Andrea Nahles avait été auparavant quatre ans ministre des Affaires sociales d’Angela Merkel et était également un pilier de cette grande coalition. Les conservateurs se félicitaient d’ailleurs de la coopération avec la présidente du SPD, même si les négociations étaient parfois difficiles.
Les sociaux-démocrates en pleine crise existentielle
Battu sèchement aux législatives de 2017 et humilié aux Européennes, le SPD, relégué à 15% derrière les Verts, est cependant en pleine crise existentielle. Certains réclament depuis des mois une cure de jouvence dans l’opposition et un virage à gauche, même si celui-ci pourrait faire tomber Mme Merkel avant la fin de la législature en 2021.

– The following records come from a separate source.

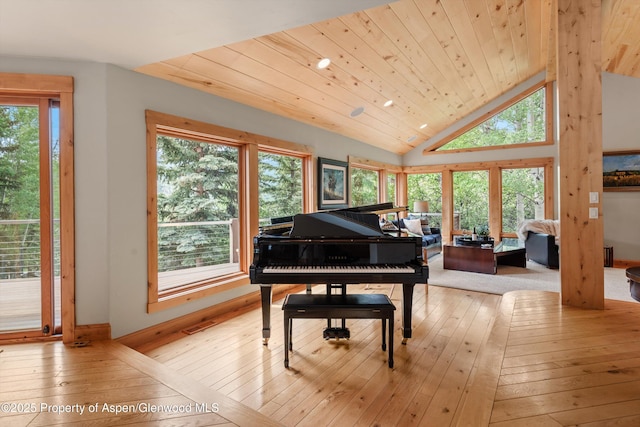 554 Sinclair Rd, Snowmass Village, CO 81615 - sitting room featuring light wood-style floors, vaulted ceiling, plenty of natural light, and wooden ceiling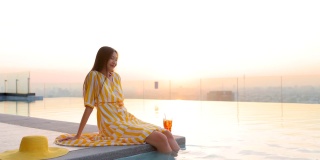 轻松放松的亚洲女商人生活方式在美丽的夏季连衣裙坐在池边，享受清爽的鸡尾酒在一个杯子与冰在模糊的背景美丽的日落天空。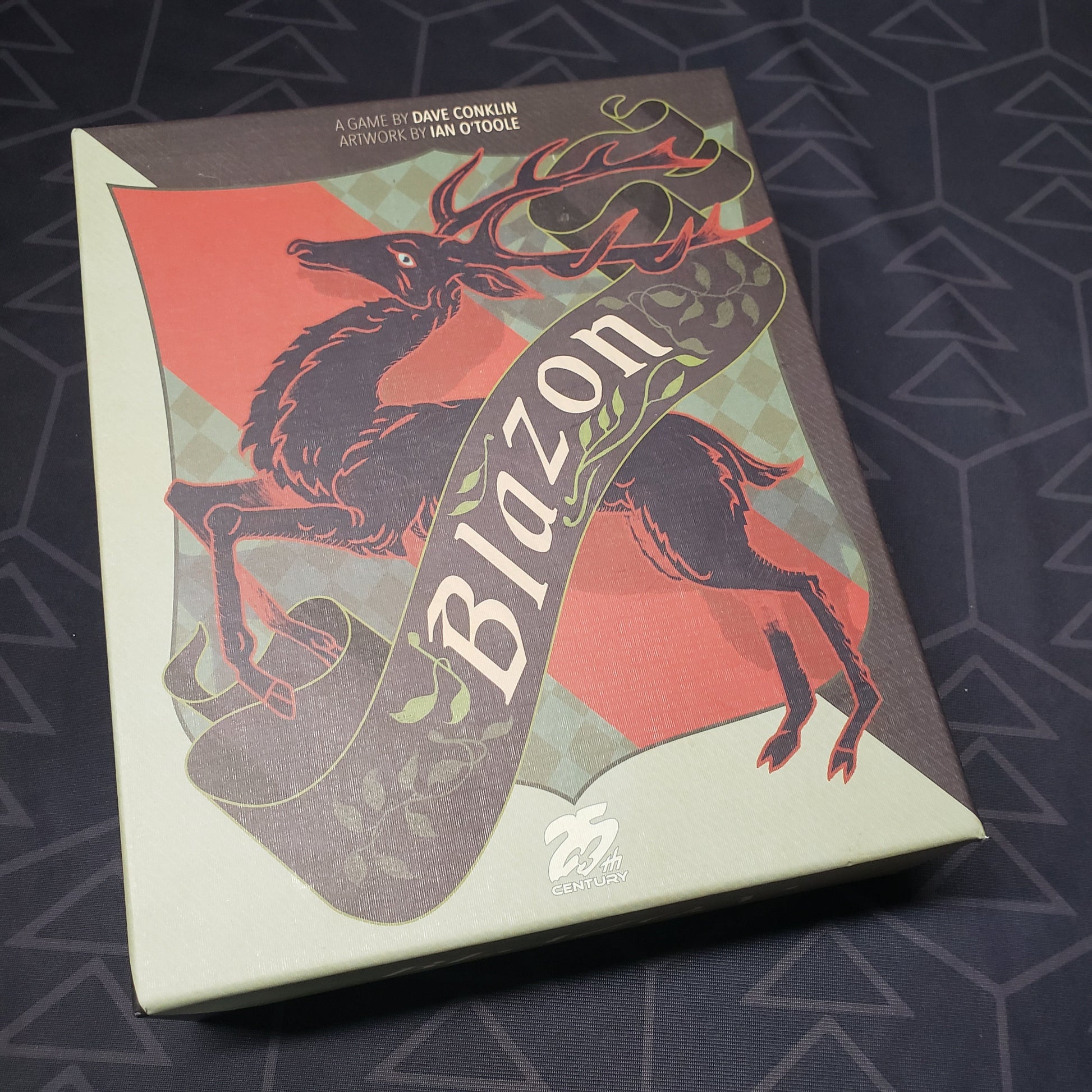 Image shows the front cover of the box for the Blazon board game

Mais la décision est compliquée par les absences de programme et de figure incontestée pour prendre la tête du parti, ainsi que la crainte d’un résultat catastrophique en cas de législatives anticipées.
Ce n’est donc pas un hasard si dimanche 2 juin, les chrétiens-démocrates de la CDU, nerveux suite à l’échec électoral des Européennes, ont plaidé pour la poursuite de la grande coalition, un plaidoyer dirigé surtout à Angela Merkel. La chancelière a promis dimanche 2 juin la stabilité de la coalition, assurant que son gouvernement allait « continuer (le) travail avec tout notre sérieux et surtout notre sens des responsabilités ».
Des législatives anticipées seraient à très haut risque pour les deux partis historiques
Bien que les deux partis accentuent leurs différences depuis des mois sur les questions sociales et climatiques, les conservateurs n’ont pas d’alternative. D’abord, un gouvernement minoritaire n’est pas dans les gênes de la République fédérale. Puis les Verts, qui ont le vent en poupe, veulent d’abord des élections anticipées si on leur tend les bras pour une alliance. D’ailleurs, ni la CDU ni le SPD n’y ont un intérêt : un recul est prévisible.
De plus, la dauphine d’Angela Merkel, Annegret Kramp-Karrenbauer, n’a toujours pas convaincu et est désormais ouvertement critiquée depuis les Européennes, malgré les six mois depuis son élection, ayant enchaîné les faux pas, s’aliénant notamment d’influents YouTubeurs avant le scrutin.
Des législatives anticipées dans de telles conditions seraient une première en Allemagne et à haut risque pour les deux partis qui ont dirigé ensemble ou à tour de rôle le pays depuis 1949.